We buy a tent, sleeping bags and rent a car in Jo’burg, sharing the cost, the driving and the journey with a couple from Ireland and New Zealand on their holidays here. We head north, churning hundreds of kilometres along the route travelled by so many of our illustrious European forbears, including Speke and Livingstone, and so many of our not so illustrious forbears who were less intent on exploration so much as exploitation.
We skirt west into Botswana, finding a wonderfully organised country with a very low crime rate, good clean roads, quality housing, and friendly, well-educated people. Our road north from Francistown – Botswana’s second city but to us, more like a small country town – is, like most roads in this sparsely populated country, surrounded by African bushland.
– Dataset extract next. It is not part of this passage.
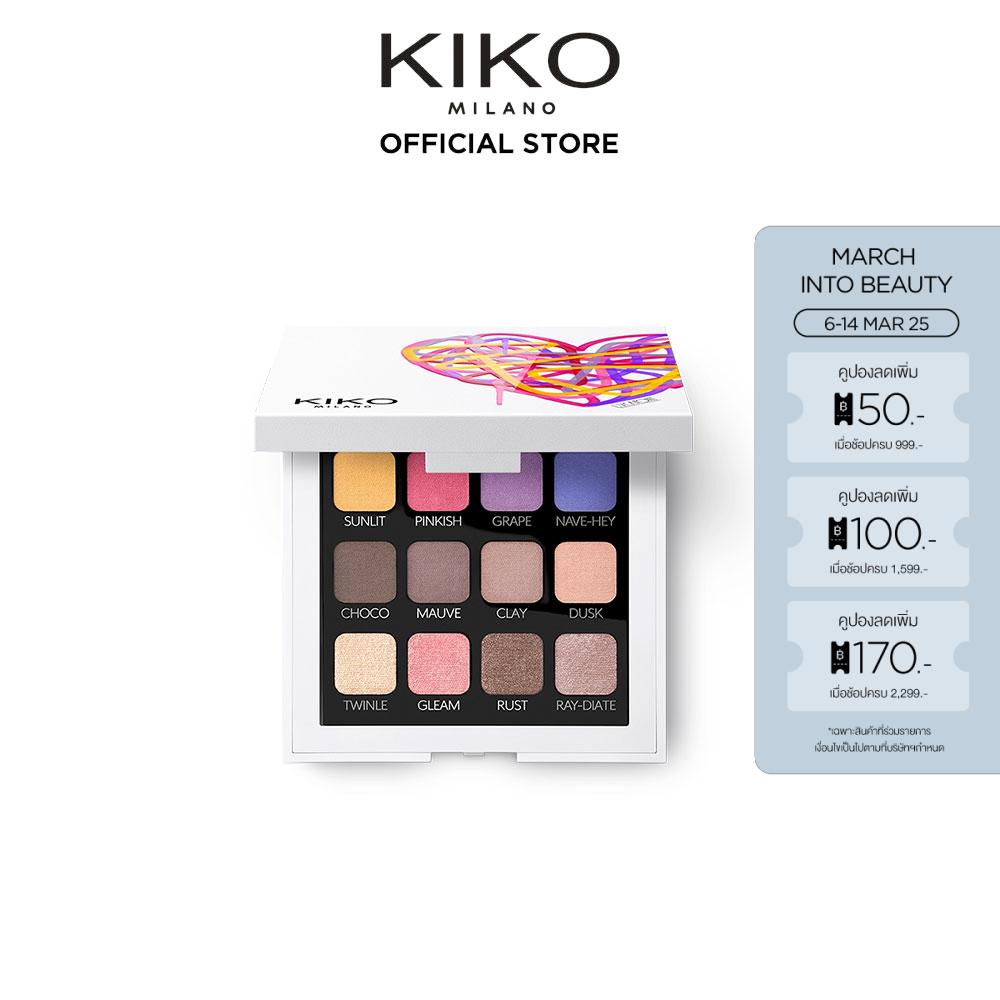 KIKO MILANO Street Heart Colour Tag Multi-Texture Eyeshadow Palette พาเลตอายแชโดว์ 12 เฉดสี ราคา 1,499 บาท*ส่งฟรี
It’s not long before we have to stop to avoid hitting a crossing elephant. Unlike with other road fauna like goats or monkeys or deer, elephants aren’t the kind of obstacles you hurry along by tooting your horn. Elephants interrupting our journey are very much free to take their sweet time crossing in front of us – I’m certainly not hurrying a 5 tonne beast with huge tusks and a stream of musk running down from each eye.
Wow, Botswana is fantastic. Most of the country is Kalahari desert (84%) and the rest is a riverine system of wetlands thriving with wildlife. Our journey to Kasana in the northeast corner of the country is better than a game drive through a national park anywhere else. We see antelope, elephants, baboons, giraffe and more just from the highway. We set up camp in grounds bubbling up with deafening frogs on the bank of the Chobe River, a few hundred metres from its confluence with the mighty Zambezi (Africa’s fourth biggest river after the Nile, Niger and Congo). Across the river is Namibia, but we aren’t crossing yet. After a troubled night, nervously staring into the whites of each others’ eyes in the dark, while enormous-sounding elephants trumpet nearby and hippos munch and fart scarily close to our flimsy nylon tent, we organise a boat trip down the river.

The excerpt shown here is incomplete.